Information supplied:
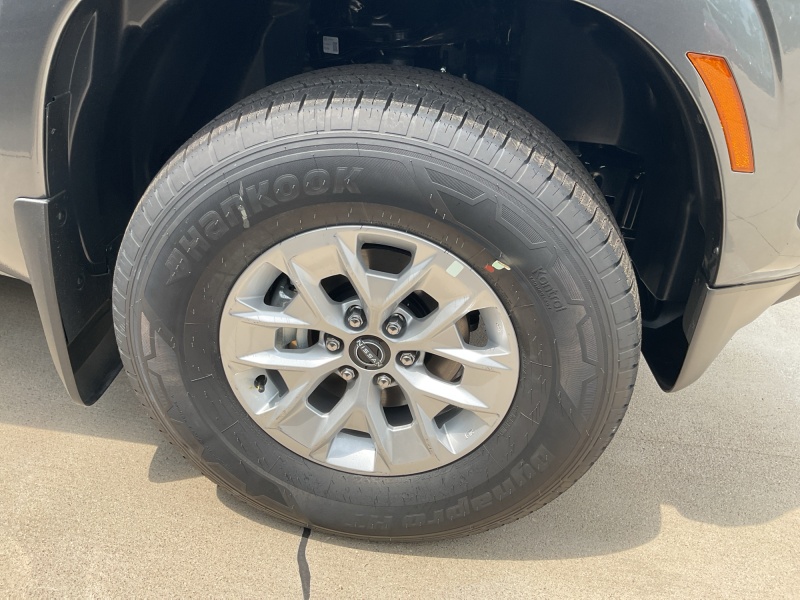 2026 Nissan Frontier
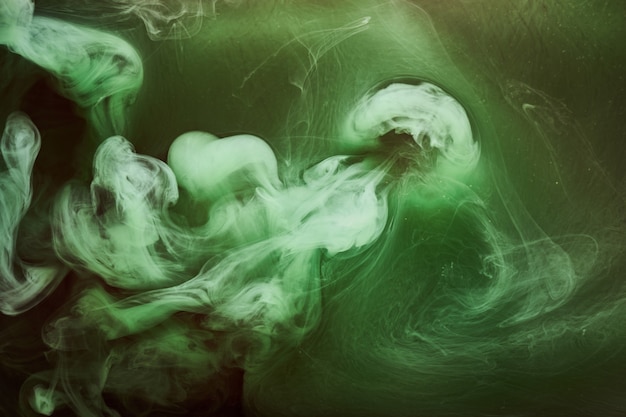 Abstracte groene kleur achtergrond. Wervelende levendige waterpijprook, smaragdgroene oceaan onder water, dynamische verf in water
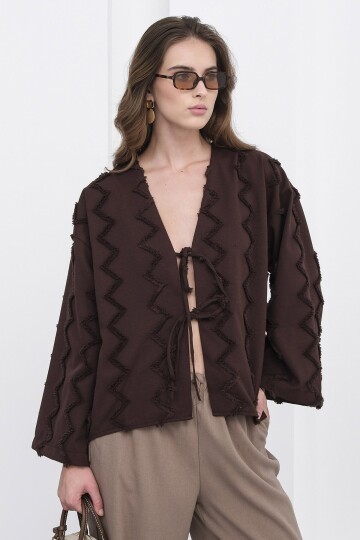 Bağlama Detaylı Zigzag Desenli Bluz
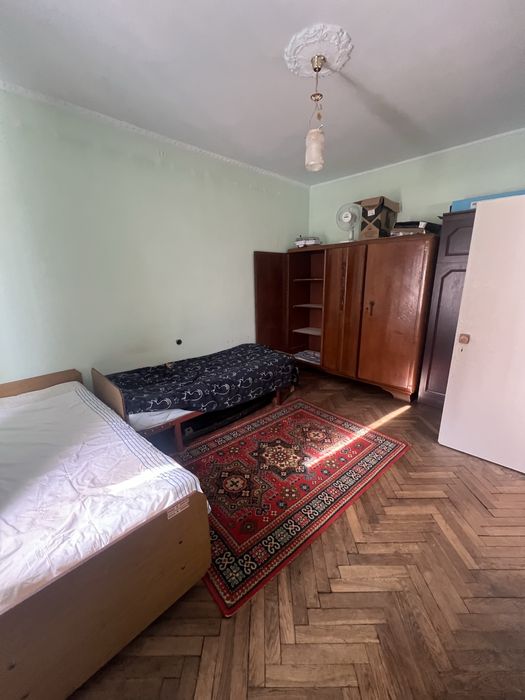 Продаж 2 км квартири у центрі міста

Exercise description: Give back the data verbatim. The pictures are not part of the copy.

Finished exercise:
 2026 Nissan Frontier
 Abstracte groene kleur achtergrond. Wervelende levendige waterpijprook, smaragdgroene oceaan onder water, dynamische verf in water
 Bağlama Detaylı Zigzag Desenli Bluz
 Продаж 2 км квартири у центрі міста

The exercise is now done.